## Required work
Write out the listing below exactly, and omit any images you find in it.

======== Data segment ========

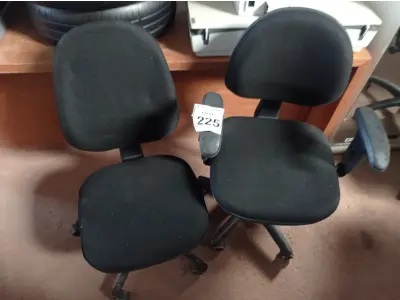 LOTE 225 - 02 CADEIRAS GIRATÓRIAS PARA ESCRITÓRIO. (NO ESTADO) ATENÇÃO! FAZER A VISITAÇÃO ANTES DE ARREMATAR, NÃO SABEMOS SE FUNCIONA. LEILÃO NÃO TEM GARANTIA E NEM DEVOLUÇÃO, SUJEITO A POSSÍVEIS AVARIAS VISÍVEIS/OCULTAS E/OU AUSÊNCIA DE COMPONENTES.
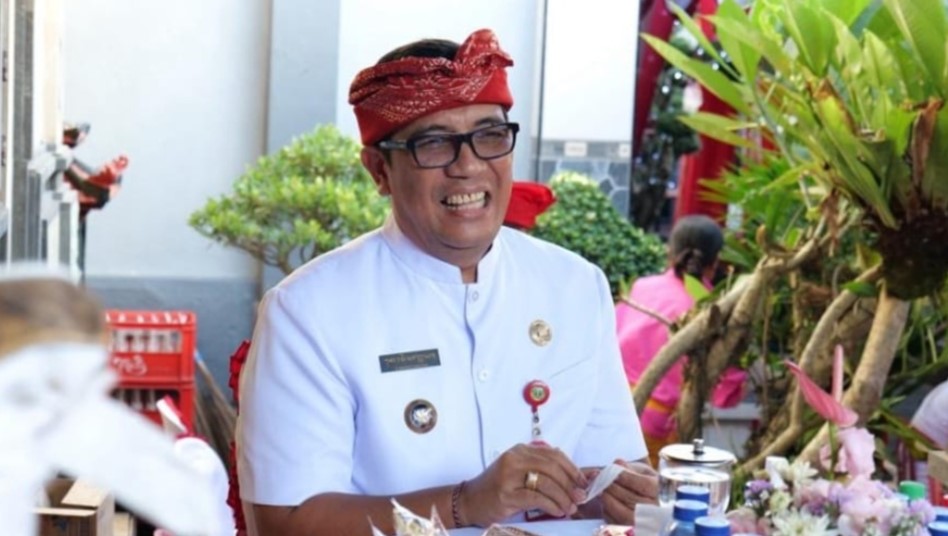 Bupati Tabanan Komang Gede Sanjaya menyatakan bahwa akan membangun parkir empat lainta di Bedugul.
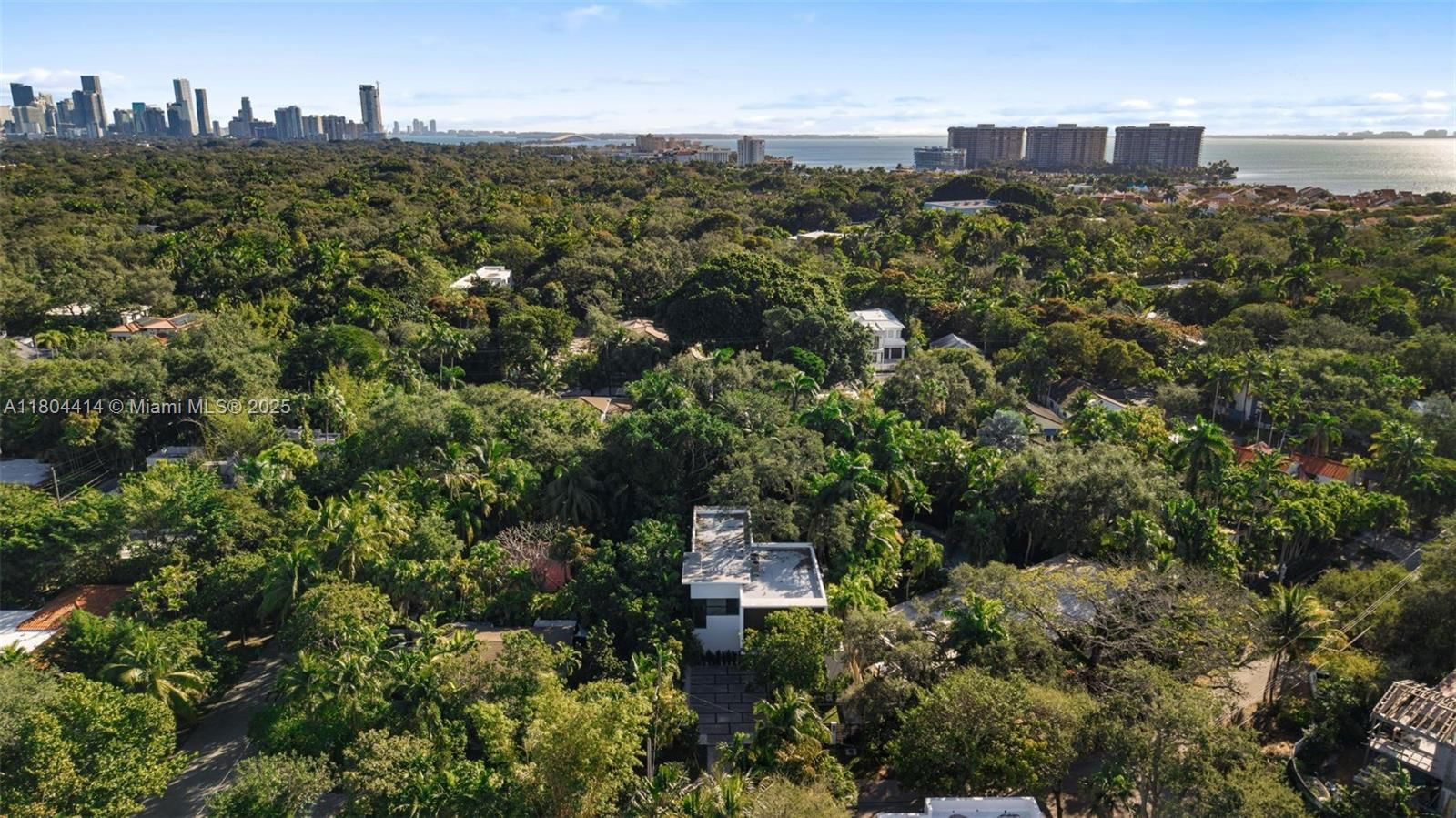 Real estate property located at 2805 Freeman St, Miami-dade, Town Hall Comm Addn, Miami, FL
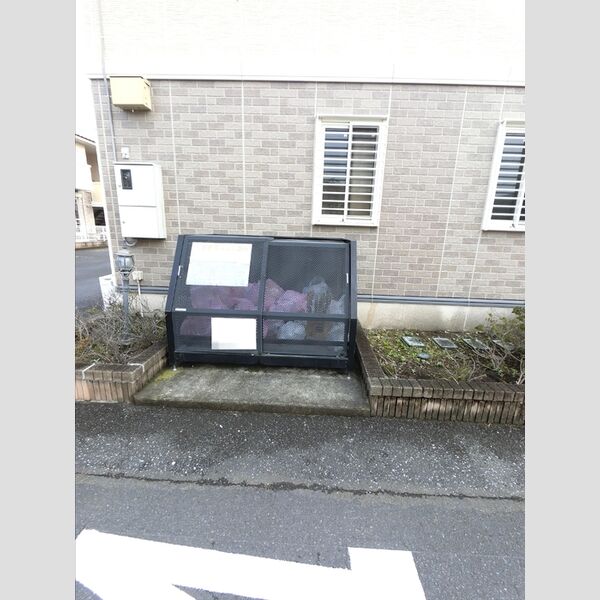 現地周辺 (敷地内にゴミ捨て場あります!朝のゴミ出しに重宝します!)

========

## Reply
 LOTE 225 - 02 CADEIRAS GIRATÓRIAS PARA ESCRITÓRIO. (NO ESTADO) ATENÇÃO! FAZER A VISITAÇÃO ANTES DE ARREMATAR, NÃO SABEMOS SE FUNCIONA. LEILÃO NÃO TEM GARANTIA E NEM DEVOLUÇÃO, SUJEITO A POSSÍVEIS AVARIAS VISÍVEIS/OCULTAS E/OU AUSÊNCIA DE COMPONENTES.
 Bupati Tabanan Komang Gede Sanjaya menyatakan bahwa akan membangun parkir empat lainta di Bedugul.
 Real estate property located at 2805 Freeman St, Miami-dade, Town Hall Comm Addn, Miami, FL
 現地周辺 (敷地内にゴミ捨て場あります!朝のゴミ出しに重宝します!)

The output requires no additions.